Shaftesbury - Third Earl of - Anthony Ashley Cooper

<history of philosophy, biography> English moral essayist (1671-1713). Raised in genteel circumstances by his grandfather, one of the Lords Proprietor of the Carolina colonies and a close associate of Locke, Shaftesbury proposed a set of practical rules for living that he claimed to arise from the natural dispositions of all human beings, without any reliance on divine revelation in An Inquiry concerning Virtue or Merit (1699). This was an important step in the development of the notion of a moral sense by Hutcheson and Hume. Shaftesbury's works were collected in Characteristics of Men, Manners, Opinions, and Times (1711).
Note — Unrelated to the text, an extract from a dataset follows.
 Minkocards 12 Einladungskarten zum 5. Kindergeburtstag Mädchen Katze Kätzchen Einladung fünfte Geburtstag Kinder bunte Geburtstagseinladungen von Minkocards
Recommended Reading: The Shaftesbury Collection (Thoemmes, 1997); John L. Hammond and Barbara Hammond, Lord Shaftesbury (Ayer, 1970); Lawrence E. Klein, Shaftesbury and the Culture of Politeness: Moral Discourse and Cultural Politics in Early Eighteenth-Century England (Cambridge, 1994); and John Andrew Bernstein, Shaftesbury, Rousseau, and Kant: An Introduction to the Conflict Between Aesthetic and Moral Values in Modern (Fairleigh Dickinson, 1980).